Friday, March 13, 2015

Hadoop Part 6

1. Why is Hadoop useful?

Hadoop is fault tolerant, meaning the system will simply redirect to another location and resume work when a node is lost. Hadoop is also schema-less and can absorb data of all types, sources, and structures, allowing for deeper analysis.
2. Which directory does Hadoop install to?
Hadoop is installed in cd/usr/lib/hadoop-0.20/

3. What are the four modules that make up the Apache Hadoop framework?

  • Hadoop Common, which contains the common utilities and libraries necessary for Hadoop’s other modules.
  • Hadoop YARN, the framework’s platform for resource-management
  • Hadoop Distributed File System, or HDFS, which stores information on commodity machines
  • Hadoop MapReduce, a programming model used to process  large-scale sets of data

4. Which modes can Hadoop be run in?
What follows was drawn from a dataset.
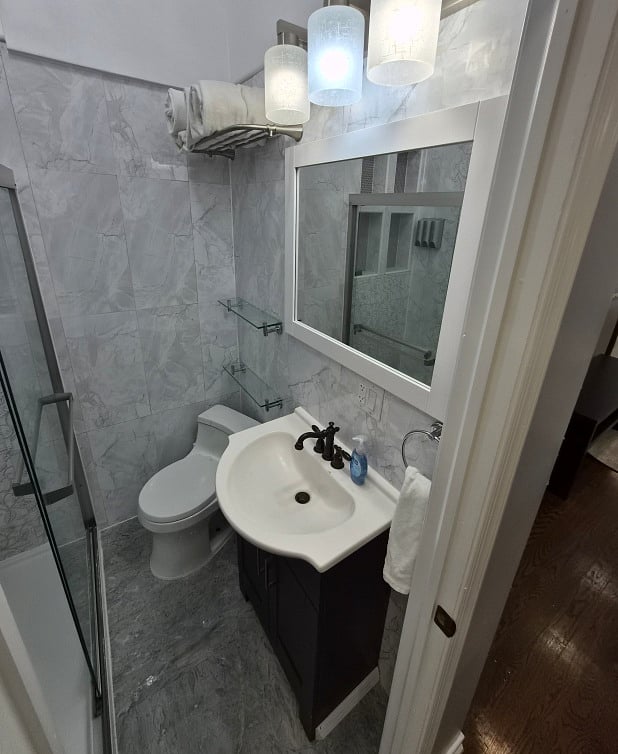 Furnished Finder property 999962_1 photo 9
List a few features for each mode.

  • Standalone, or local mode, which is one of the least commonly used environments. When it is used, it’s usually only for running MapReduce programs. Standalone mode lacks a distributed file system, and uses a local file system instead.
  • Pseudo-distributed mode, which runs all daemons on a single machine. It is most commonly used in QA and development environments.
  • Fully distributed mode, which is most commonly used in production environments. Unlike pseudo-distributed mode, fully distributed mode runs all daemons on a cluster of machines rather than a single one.

5. Where are Hadoop’s configuration files located?

Hadoop’s configuration files can be found inside the conf sub-directory.

6. List Hadoop’s three configuration files.

  • hdfs-site.xml
  • core-site.xml
  • mapred-site.xml

7. What are “slaves” and “masters” in Hadoop?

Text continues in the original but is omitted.